It's actually insane how hard programmers want to gatekeep even basic concepts.


Well, no matter what you won’t be explaining multivariable calculus to a children. Concepts build on each other and for certain ones, you do have to build from something. You can start teaching math, and indeed for certain topics, taking shortcuts is allowable. But this is context-dependent and not universally true.

Like, you can talk about programming to a child, but still not about JIT compilation.


Communication is a two-way street. When someone is making an effort to learn, most FP advocates will happily make an effort to teach. But someone who comes in with guns blazing doesn't get to complain about being met with hostility, and if telling someone they're wrong when they're wrong is gatekeeping then it's a kind of gatekeeping that we need.


Being a teacher is a labor of love. There’s nothing wrong with a student coming in with any attitude.

This attitude justifying gatekeeping reminds me of Stack Overflow - mods tired of seeing the same wrong questions asked. But it’s a Q&A site and the purpose is for people to get answers to their questions.


> There’s nothing wrong with a student coming in with any attitude.

A student can definitely have an attitude that prevents them from learning effectively though. If anyone wants to see the use of correct terminology as "gatekeeping" then they are of course free to do so but the obstacles to learning the subject that such a mindset creates are then a logical consequence of their actions and entirely their own fault.


Yes, that goes for teachers. Not normal working programmers who choose to discuss FP in the terminology which has been commonplace for decades. They are under no such obligation.


A Q&A website needs both people who ask questions, and people who answer them. Perhaps the latter even more than the former.
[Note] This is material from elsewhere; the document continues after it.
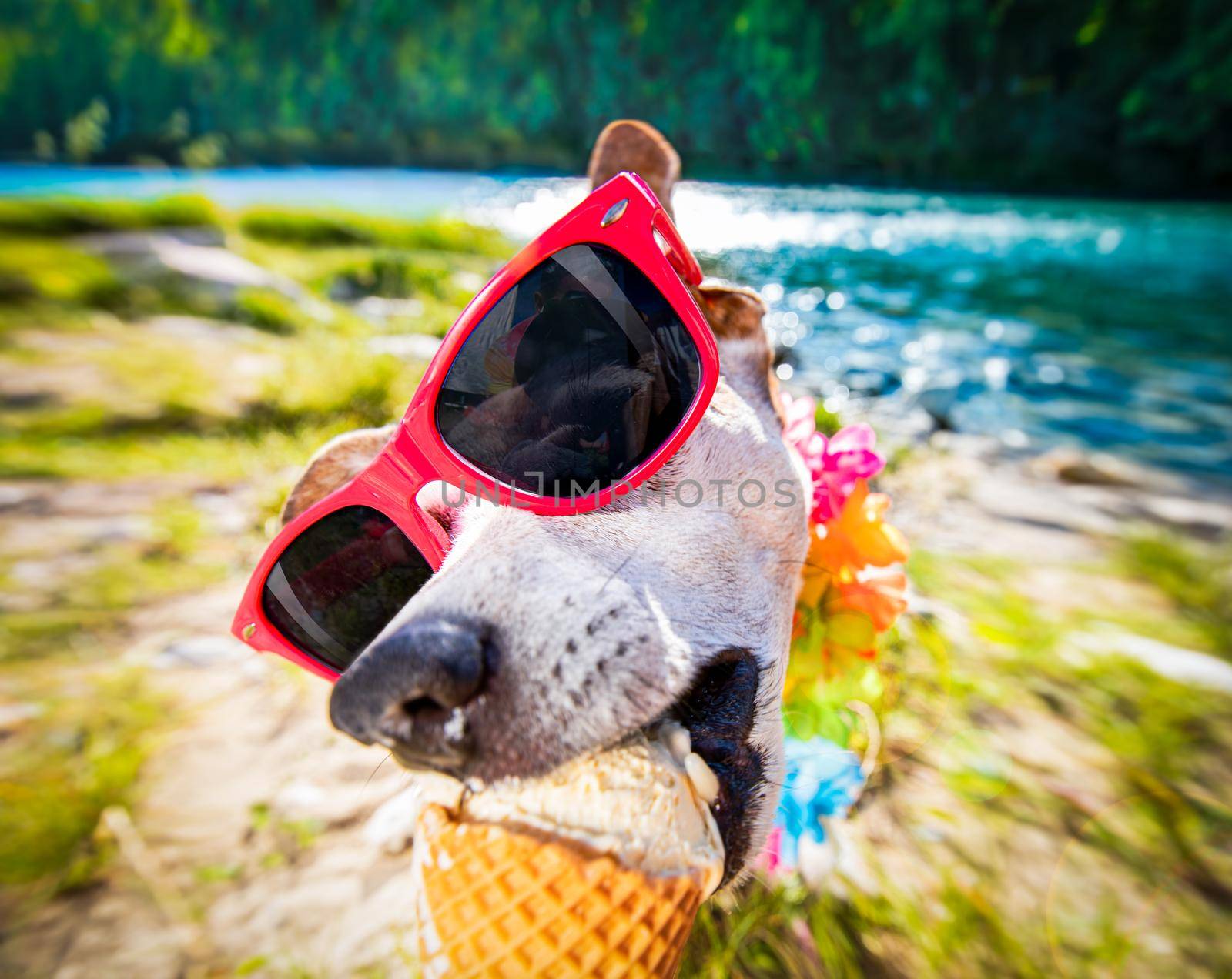 dog  summer vacation   licking ice cream  by Brosch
You can ask a question on stackexchange and have it answered by Peter Shor. Not having the platform inundadated by dumb repetitive questions and homework problems is the compromise you need to retain such talented people on your platform.
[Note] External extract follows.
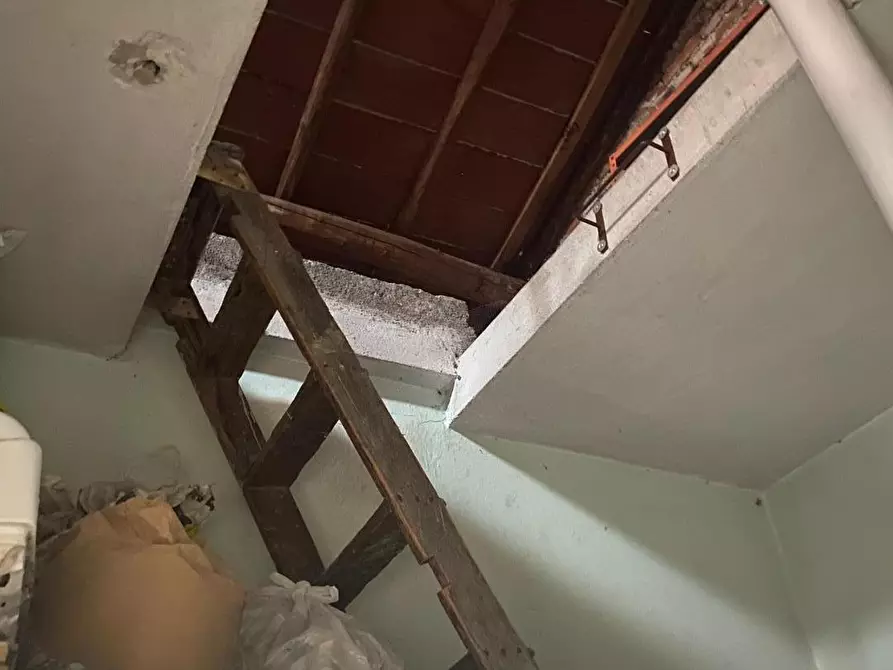 Immagine 13 di Appartamento in vendita  a Viareggio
If you want an example of what happens to a Q&A site without any gatekeeping, look at Quora.


I would say the person you're responding to didn't come in "guns blazing". They seemed legitimately eager to learn, and expressed gratitude that the person that wrote the blog post used language they could understand.

Now, I would say you showing up and openly disparaging both the blog and the person you responded to qualifies as "guns blazing".
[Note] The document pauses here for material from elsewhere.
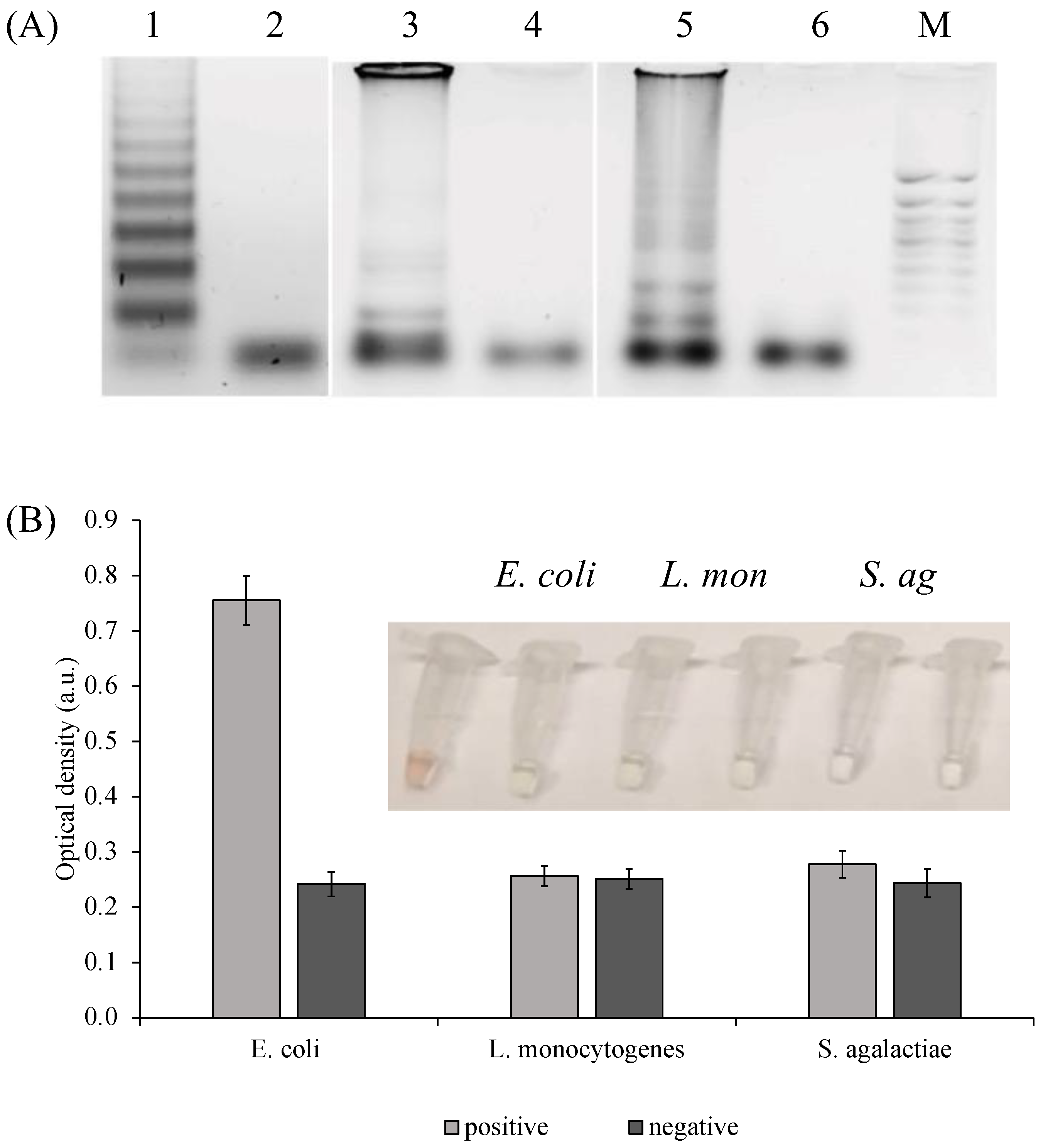 Ijms 24 07812 g006 Ijms 24 07812 g006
They said "It's like when the medieval Catholic Church refused to print a bible in anything but Latin so that they'd remain the sole authority on its content." and concluded with "shame on those who maintain this status quo." That's pretty "guns blazing" in my book.


> "It's like when the medieval Catholic Church refused to print a bible in anything but Latin so that they'd remain the sole authority on its content."

The debate is about using language as a gatekeeping mechanism. The analogy is spot on...

> "shame on those who maintain this status quo."

A person shows up eager to learn, expresses gratitude, feels scorned at all of the language-based gatekeeping that goes into this topic. You don't think it's fair to feel frustrated with the people doing the gatekeeping? (I don't think _you_ will, but only because I think you're one of the gatekeepers the original poster is (fairly) shaming).


> A person shows up eager to learn, expresses gratitude, feels scorned at all of the language-based gatekeeping that goes into this topic.

They expressed gratitude for those who told them easy falsehoods and scorn for those who told them harder truths, characterizing such honesty as "gatekeeping". That's not the action of someone eager to learn, it's someone who's eager to avoid learning, like those politicians who, rather than put in the effort to understand the economic implications of their policy, go shopping around economists until they find one who gives them the answer they want.


> scorn for those who told them harder truths

Can you paste me in your post where you did this? (Note: you can't). I'll even paste your response, so you can remember better:

>> Wait, a functor is just a pure unary function?

> No.

>> And an endofunctor is just one of those where the argument type and return type are the same?

> Yes - "endo" means that in general. E.g. endomorphism.

>> Sometimes it makes me mad that so much confusion (and as another commenter put it, gatekeeping) has been sown in FP circles through the invention of pointlessly-obfuscated terminology for everything (and through - among many in those circles - a lack of interest in connecting the very simple dots that would allow masses of people to understand these concepts). It's like when the medieval Catholic Church refused to print a bible in anything but Latin so that they'd remain the sole authority on its content.

>> Kudos to the OP for cutting through some of that, but shame on those who maintain this status quo.

>> Edit: assuming it really is that simple. Some in the comments have suggested parts of the OP were wrong, so I'm curious to see discussion.

> The precise terminology is vital; it's how we avoid these errors when talking about this very abstract stuff. Given that the OP is very wrong, precisely because of the kind of attitude you've taken here, I hope you'll take this opportunity to reconsider your views.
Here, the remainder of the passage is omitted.